There's a lot of reasons this article is flawed, not all of which I can address. I can however address a fair few of them.
Firstly: Professor McKays book, while an incredibly interesting read and definitely recommended, simply adds up the cost of our current lifestyle and then looks for power to keep it going. The book doesn't address many energy saving measures, and so the claims that the UK would need to be packed to the rafters with wind turbines are somewhat redundant.
Secondly: Nuclear power is prohibitively expensive. We don't realise this now, because the last power stations were built over 40 years ago. Nuclear power has benefited from huge government subsidies, in the form of various nuclear related agencies, limits to public liability insurance, and because of the by products it can produce. Without such subsidies, the economic viability of it is questionable. Nuclear power is inherently linked into the government, and so benefits from a lot of public agencies. If new power stations were solely public affairs, and these costs were taken into account in the cost of electricity, then this wouldn't be so bad, but the fact that new nuclear power stations would likely be private companies means that the government is essentially giving them a free ride.

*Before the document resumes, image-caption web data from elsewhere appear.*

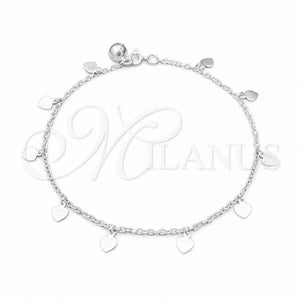 Tobillera de Dije 03.409.0148.10 Plata Rodinada, Diseño de Corazón, Pulido, Tono Plateado (Grosor 03 MM, 10 Pulgadas de Largo)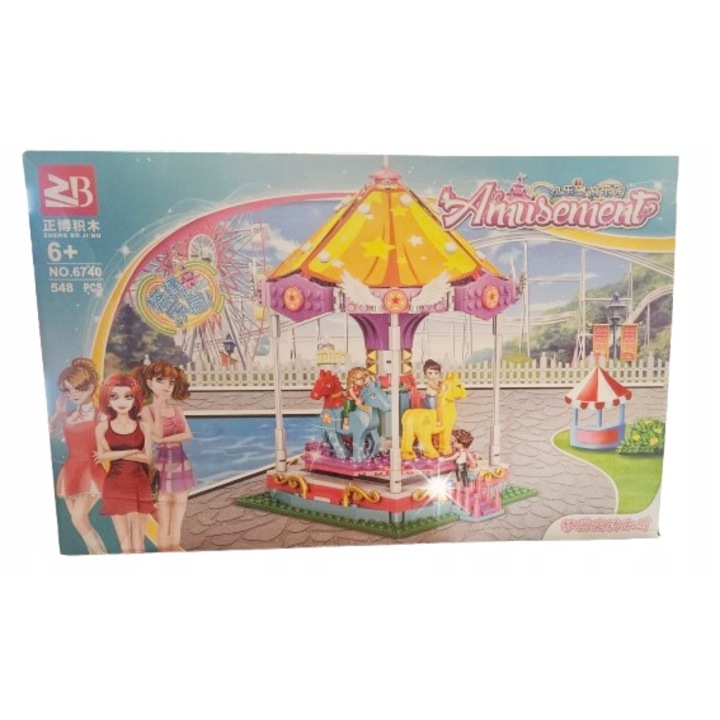 Set de constructie KLOCKI, Emaj, carusel cu figurine animale, 548 piese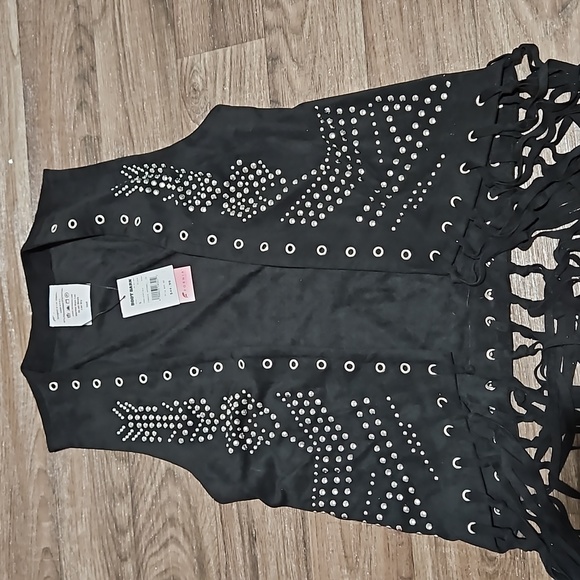 Fornia Jackets & Blazers - Black Fornia Studded Fringe Vest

The article discusses some pretty fanciful things, like space flight, destroying asteroids and technology development. There are a number of problems with your arguments here as well.
If there is an asteroid threatening the earth, the UK is unlikely to be the one called on to provide a nuclear strike. Given that we have no space program whatsoever (due to labour and conservative governments), it is highly unlikely we would have any real input on the matter, trident or not. Trident isn't capable of destroying asteroids anyway, so the point is pretty much moot.

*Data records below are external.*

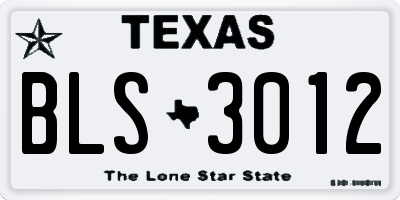 TX license plate BLS3012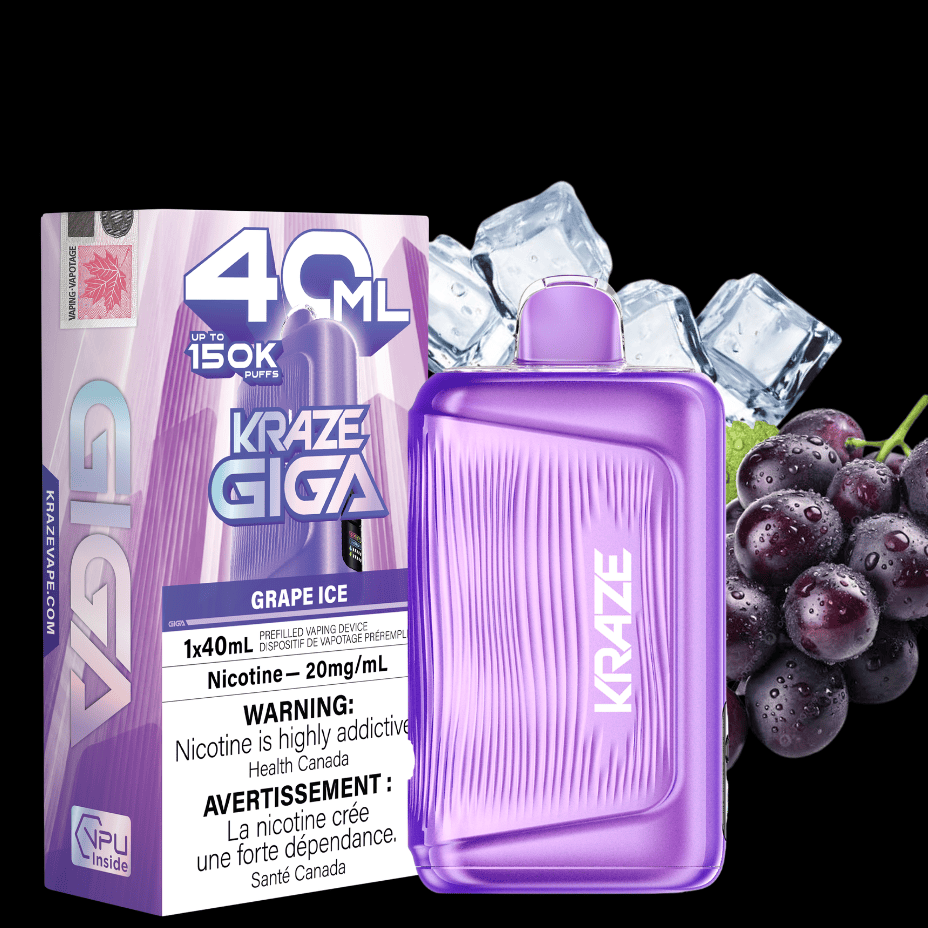 Kraze Giga 150K Disposable Vape - Grape Ice Vape Superstore  Saskatchewan Canada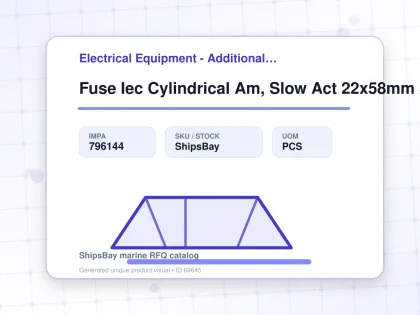 Fuse Iec Cylindrical Am, Slow Act 22x58mm Ac690v 8a - Electrical Equipment - Additional Items - IMPA 796144 - UOM PCS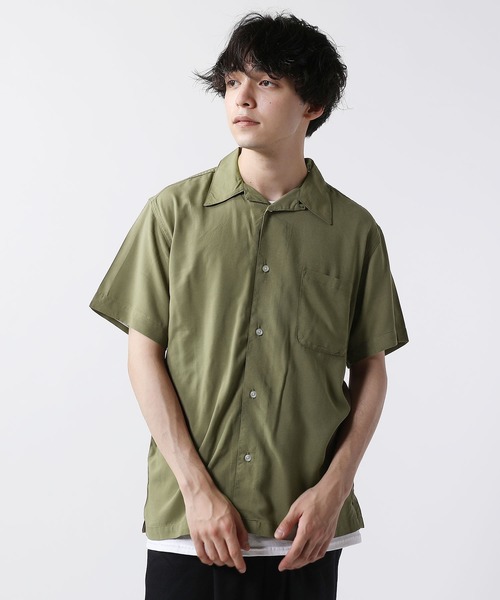 THE CASUAL(カジュアル)の「レーヨンオープンカラー半袖シャツ(シャツ/ブラウス・メンズ・ベージュ/カーキ/サックスブルー/ピンク/ライム/ブラウン系その他・M/L)」の3枚目の写真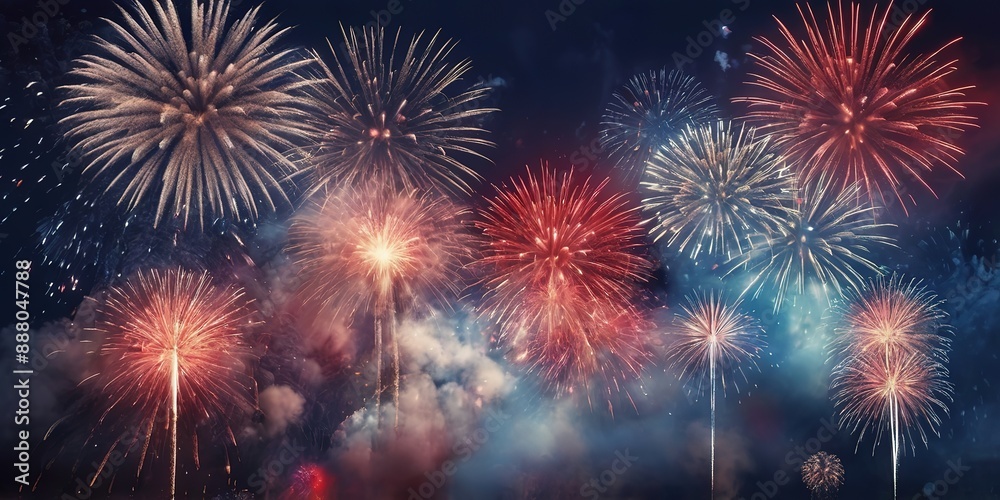 Naklejka premium New year celebration Fire work with Blue white color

Without a space program, the UK is unlikely to explore other planets. This is pretty much unrelated to civil nuclear power. The nuclear power used by spaceships is very much unlike that used for civil power, and the two have very little bearing on each other. If the UK chose to not use nuclear power, it would have no effect on the development of small scale nuclear reactors for space ships.
Finally, suggesting that voting for the lib dems tomorrow will result in the entirety of humanity becoming extinct is pushing it a bit even for the register. Voting Lib Dem will *not* cause humanity to die out due to asteroids, and is likely to have no affect on any space programmes anywhere in the world (given that we don't have one anyway). It will, however, bring the electoral reform this country needs. It will reduce the number of stupid databases the government holds. It will ensure that the poor are protected from poverty, it will bring a fairer tax system, and it will bring the governmental shakeup that this country needs.
This article is mostly crap, with a smidgeon of idiocy mixed in. I understand that (for some reason) the register has a right wing political agenda (has anyone ever got to the bottom of why an IT news site catering to educated professionals is so right wing/climate change denying?), but that doesn't really mean you should push utter tripe onto your readership.